Tourism minister Lindiwe Sisulu has fired another missive in response to widespread criticism of an article she penned raising concerns about the constitution and the judiciary.
And her latest salvo prominently features parts of a September 2013 speech by former UK attorney-general Dominic Grieve.
The piece published on Wednesday was shared with TimesLIVE by her spokesperson, Steven Motale who was adamant the minister did not plagiarise any of it.
In her latest article, Sisulu also responds to ANC veteran Mavuso Msimang who accused her of an “extraordinary attack on SA's constitution”.
She accused Msimang of “proceeding from his factionalist position and viewing every analysis of the rule of law and criticism that does not accord with his myopic and jaundiced perspective as an attack on the constitution”.

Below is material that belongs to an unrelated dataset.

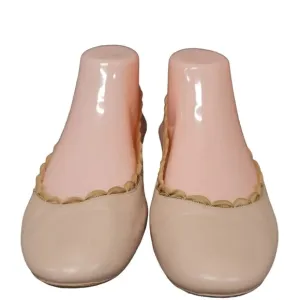 CHLOE ITALY Scalloped Ballerina Flats 39 Tan Leather Slip On Shoes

“That is the hallmark of intellectual laziness,” she wrote.
She then penned a portion that bears a close resemblance to parts of the speech made by Grieve.
The similar section reads:
In 2010, one of the United Kingdom's most distinguished jurists in the past 100 years, Lord 'Tom' Bingham, published the seminal work The Rule of Law. He looked at what exactly is meant by the rule of law and identified the core principle of the rule of law as being: that all people and authorities within the state, whether public or private, should be bound by and entitled to the benefit of laws publicly and prospectively promulgated and publicly administered in the courts.
He outlined eight principles that he saw as the key ingredients necessary to support that aim. In brief, these were:
— The law must be accessible, intelligible, clear, and predictable.
— Questions of legal right and liability should ordinarily be resolved by the exercise of the law and not the exercise of discretion.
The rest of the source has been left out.